Seperti Irna, ibu Herlin di desa Didiri kecamatan Pamona Timur mengatakan, alasan memilih calon perempuan karena dia yakin aspirasinya bisa diwujudkan dalam kebijakan. Selain itu menurut Herlin, lebih mudah membangun komunikasi dengan anggota legislatif perempuan dibanding laki-laki apalagi jika itu menyangkut kepentingan perempuan didalam komunitas.

Baca Juga :  Kami Dikenal Sebagai Pelaku Kerusuhan Poso, Di Penjara Kami (Muslim Kristen) Gabung,Saling Menjaga Melindungi

Dalam perhitungan KPU Poso ada 147.236 orang penduduk yang menjadi wajib  pilih. Dari jumlah itu sebanyak 72.215 orang adalah perempuan, jumlah ini hampir setengah dari total pemilih, hanya berselisih 2.802 pemilih dibanding pemilih laki-laki. Jika para pemilih perempuan berpikir seperti ibu Herlin dan ibu Irna, tentu jumlah perempuan yang anggota DPRD Poso bisa lebih dari 30 persen. Tapi di Indonesia, daerah paling maju seperti Jakarta pun tidak mencapai itu, dalam pemilu 2014 lalu hanya terpilih 16 orang perempuan dari total 106 orang. Di DPRD kota Bandung malah hanya 2 orang perempuan dari 49 orang.

Patriarki masih sangat mempengaruhi sebagian masyarakat dalam memilih, sebagian lagi masih meragukan kemampuan perempuan yang maju dalam pemilihan. Keraguan itu kerap ditemukan di kalangan pemilih perempuan sendiri.

Sebagai contoh di salah satu desa di kecamatan Pamona Barat, beberapa orang perempuan yang kami tanyai mengapa tidak memilih caleg perempuan menjawab mereka ragu nantinya perempuan mampu berdebat dalam rapat-rapat di DPRD dengan anggota legislatif laki-laki.

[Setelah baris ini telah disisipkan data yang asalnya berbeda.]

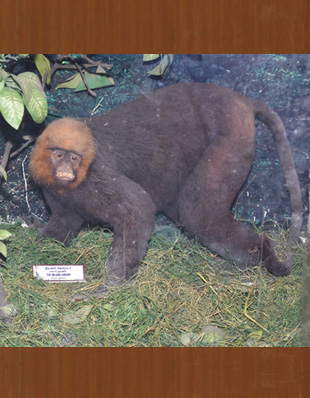 THE NILGIRI LANGUR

Rupanya hanya sekedar memilih perempuan sebagai wakil belum cukup untuk memperjuangkan hak perempuan. Di kabupaten Poso contohnya. Meski ketua DPRD adalah perempuan, ditambah 4 orang legislator perempuan lainnya dengan posisi penting di alat kelengkapan dewan namun kita juga bisa melihat anggaran pemberdayaan perempuan, penanganan perlindungan perempuan dan anak masih sangat kecil. Untunglah di desa-desa sudah ada yang sebagian menganggarkan untuk itu dari dana desa meski masih sangat kecil.

Baca Juga :  Perempuan Poso dan Mimpi Desa Membangun

Jika para legislator perempuan yang sudah menjabat hampir 4,5 tahun ini terpilih lagi, maka seharusnya ada perbaikan pada keberpihakan mereka untuk melahirkan kebijakan yang mendukung perempuan. Pada pemilu 17 April kemarin menunjukkan beberapa legislator perempuan yang menjabat sekarang masih terpilih lagi. 

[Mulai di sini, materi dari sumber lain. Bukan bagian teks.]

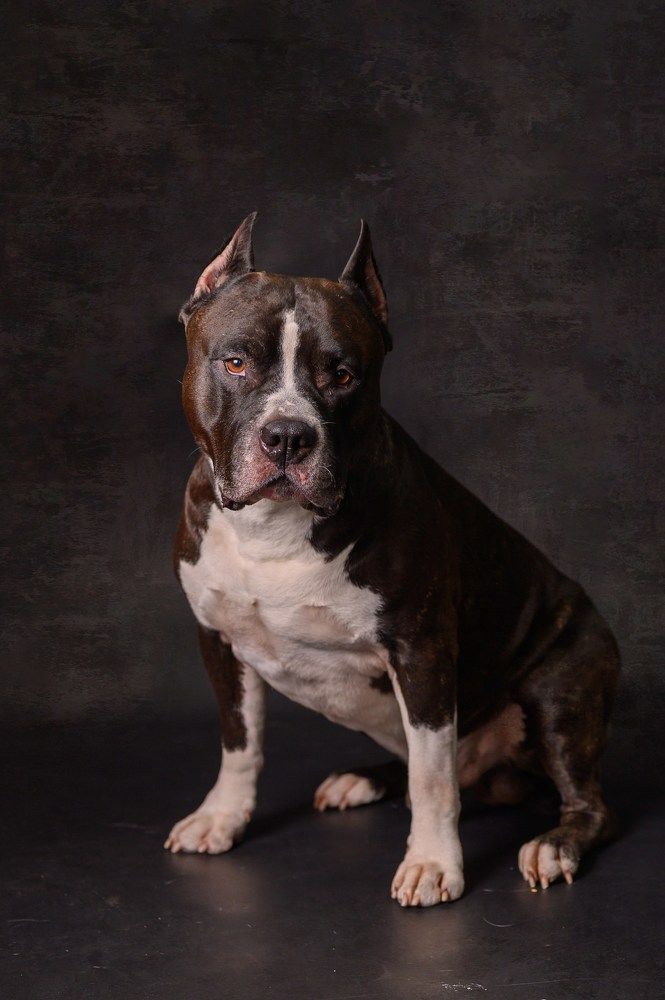 Photograph by Елена Савченкова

Dalam kampanye hampir setahun yang minim informasi dan dialog dengan konstituen, informasi kinerja mereka sangat kecil diketahui publik terutama perempuan di desa. Kampanye lebih banyak dilakukan dengan janji bantuan, tidak ada evaluasi dari masyarakat mengenai apa yang sudah dikerjakan selama mewakili mereka.

Ini juga menjadi salah satu catatan penting bagi kelompok perempuan untuk memantau kinerja wakil mereka di lembaga legislatif selama 5 tahun kedepan sehingga ada proses dialog, ada usulan dan ada kritik dari perempuan terhadap produk-produk legislasi seperti perda yang dihasilkan DPRD.

“Dalam kotak (suara) kemarin itu saya tusuk caleg perempuan. Harapan saya kalau dia teprilih, aspirasi kami perempuan yang ada di desa Didiri ini bisa dia perjuangkan karena perempuan itu lebih mengerti kebutuhan perempuan”kata Herlin menuturkan alasannya memilih.  Memilih perempuan menurutnya karena perempuanlah yang mengerti kebutuhan sehari-hari, mengerti bagaimana kehidupan itu berlangsung setiap hari mulai dari dapur sampai ke ruang publik.